Lawyer Mabirizi bid to challenge trial dismissed

The Constitutional Court has dismissed with costs a petition in which lawyer, Hassan Male Mabirizi, was challenging the legality of his trial pending a decision of the Directorate of Public Prosecutions (DPP) to discontinue criminal proceedings against him.

In 2014, Mr Mabirizi petitioned the Court to challenge the decisions of the Resident State Attorney and the Grade One Magistrate, to try him while waiting for the decision of the DPP whether to discontinue the said proceedings.

In 2013, Mr Mabirizi was arraigned and charged over alleged theft of a land title before the Magistrate’s Court at Buganda Road Court when he petitioned the DPP arguing that the criminal proceedings were wrongly sanctioned yet the matter is civil in nature.

In a unanimous judgment, five judges held that they could not agree with Mr Mabirizi that the continuance of his trial while awaiting a response from the DPP on a request to discontinue proceedings was an infringement of his rights.
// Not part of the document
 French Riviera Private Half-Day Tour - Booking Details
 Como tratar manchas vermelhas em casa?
The court reasoned that it cannot be a correct proposition of the law that where a civil suit is pending between two parties, no criminal proceedings may be instituted against one of the parties arising from same facts.

“We have found no breach of any constitutional provision or any question for constitutional interpretation, it goes without saying that we find no merit in the petitioners’ allegation that his rights were derogated by the actions of the Resident State Attorney and the trial magistrate,” the judges ruled.
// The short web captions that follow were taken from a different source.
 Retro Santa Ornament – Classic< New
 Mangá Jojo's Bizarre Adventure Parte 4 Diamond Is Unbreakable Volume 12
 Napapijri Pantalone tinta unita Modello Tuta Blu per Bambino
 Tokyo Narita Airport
The judges are Kenneth Kakuru, Geoffrey Kiryabwire, Barishaki Cheborion, Ezekiel Muhanguzi, and Stephen Musota.

“The petitioner did not face any kind of discrimination at the magistrates’ court and as such none of his rights under the Constitution were infringed,” the judges held.
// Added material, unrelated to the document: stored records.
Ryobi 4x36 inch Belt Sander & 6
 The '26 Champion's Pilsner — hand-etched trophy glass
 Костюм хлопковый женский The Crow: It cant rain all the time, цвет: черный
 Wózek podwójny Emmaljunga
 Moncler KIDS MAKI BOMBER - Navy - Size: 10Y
On Mr Mabirizi’s complaint accusing the State Attorney of failing to disclose to him the evidences they intended to rely on during trial, the judges reasoned that the record did not show whether the trial magistrate adjudicated on the matter or not.

“It is our considered view that this matter does not raise any questions for constitutional interpretation,” the court ruled.

Court records indicate that Mr Mabirizi, the managing director of MK Financiers, had asked the Constitutional Court to determine the effect of an application for discontinuance of criminal proceedings to the DPP pursuant to Article 120 of the Constitution.

He had argued that he was not at the magistrate’s mercy to enjoy the rights he complains to have been infringed because they are inherent rights under the Constitution.